[Supplied entries]:
--- START ---

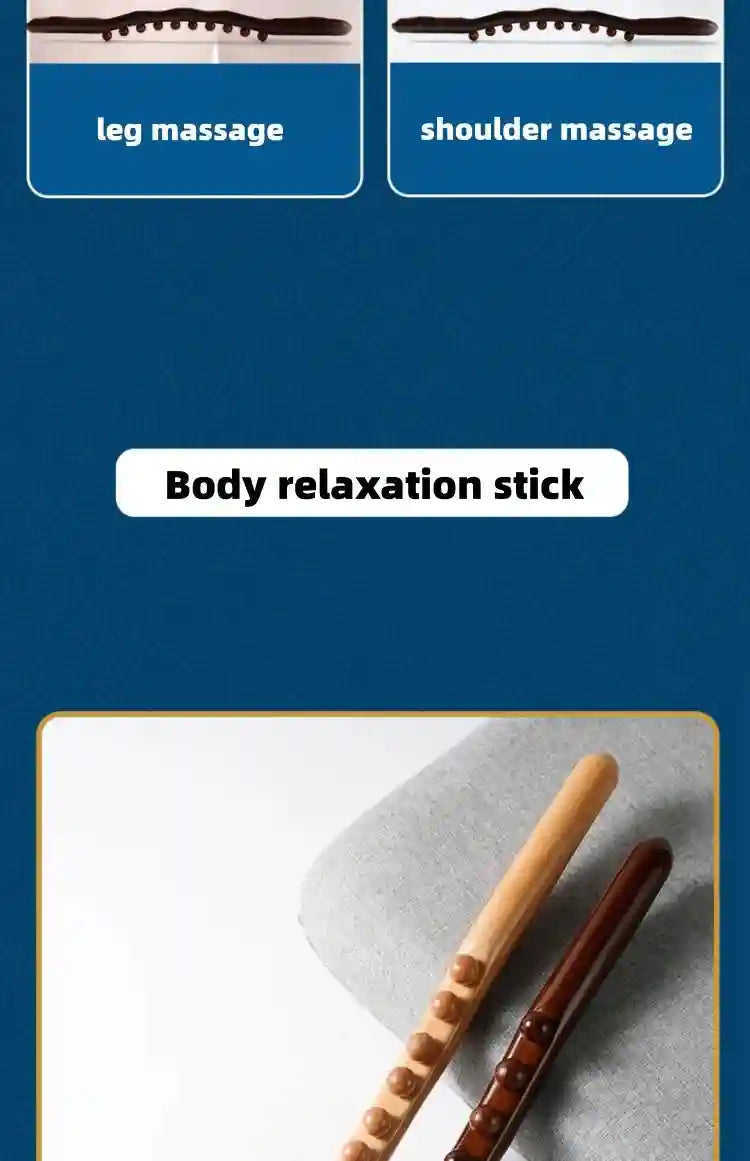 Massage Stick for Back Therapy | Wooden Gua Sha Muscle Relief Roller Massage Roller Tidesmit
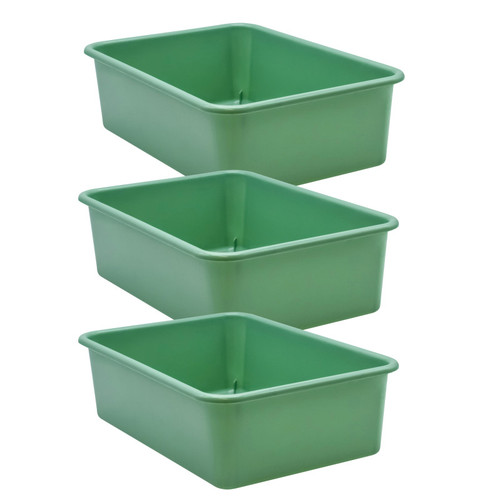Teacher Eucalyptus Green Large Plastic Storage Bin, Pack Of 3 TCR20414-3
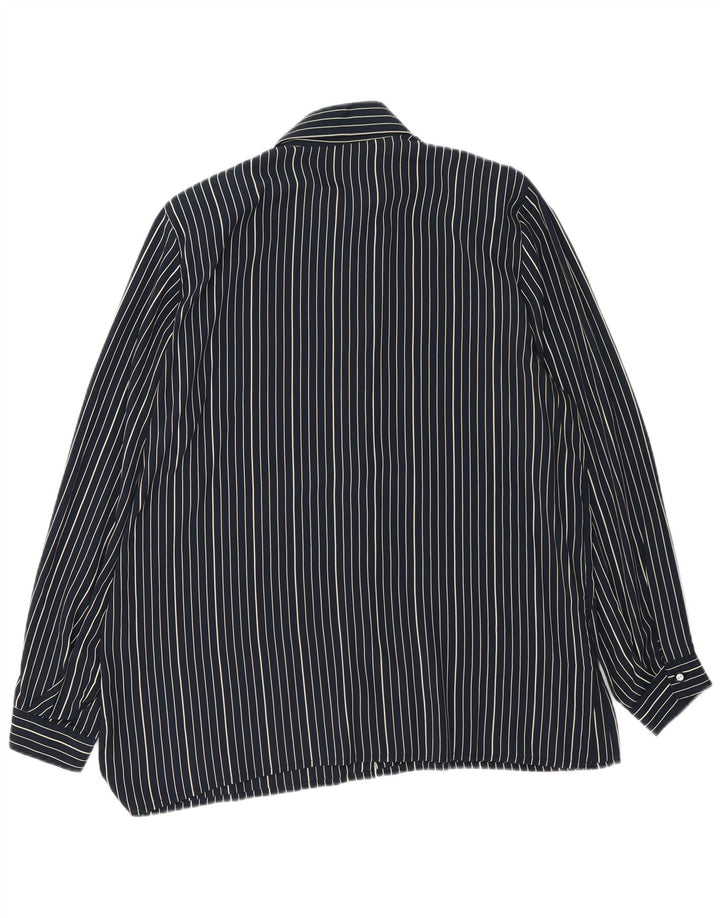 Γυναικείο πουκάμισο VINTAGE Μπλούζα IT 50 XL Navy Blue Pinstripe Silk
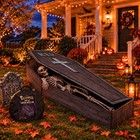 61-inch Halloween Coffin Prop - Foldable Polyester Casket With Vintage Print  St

--- END ---
--- START ---

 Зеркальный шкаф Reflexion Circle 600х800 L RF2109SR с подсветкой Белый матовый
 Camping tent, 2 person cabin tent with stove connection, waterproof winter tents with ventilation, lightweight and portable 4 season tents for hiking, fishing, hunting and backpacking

--- END ---
--- START ---

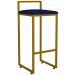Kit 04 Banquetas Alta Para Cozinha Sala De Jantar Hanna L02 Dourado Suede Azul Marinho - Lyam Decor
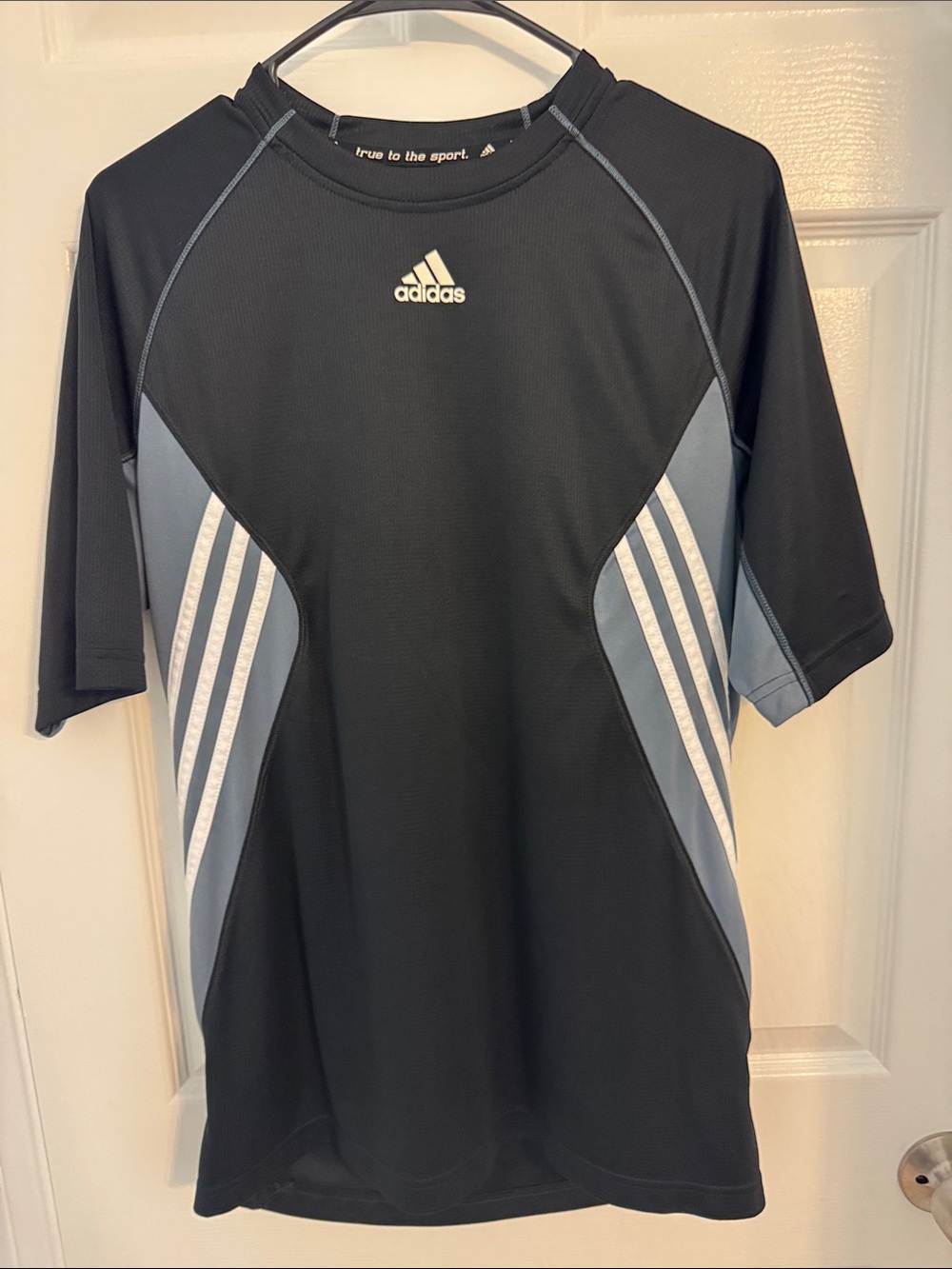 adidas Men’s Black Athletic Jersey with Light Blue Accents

--- END ---

[Task to complete]: Both the line above containing "Massage Stick for" and the line containing "61-inch Halloween Coffin" belong in the copy, along with every line between them; print these exactly and omit the pictures.

[Answer area]:
 Massage Stick for Back Therapy | Wooden Gua Sha Muscle Relief Roller Massage Roller Tidesmit
Teacher Eucalyptus Green Large Plastic Storage Bin, Pack Of 3 TCR20414-3
 Γυναικείο πουκάμισο VINTAGE Μπλούζα IT 50 XL Navy Blue Pinstripe Silk
 61-inch Halloween Coffin Prop - Foldable Polyester Casket With Vintage Print  St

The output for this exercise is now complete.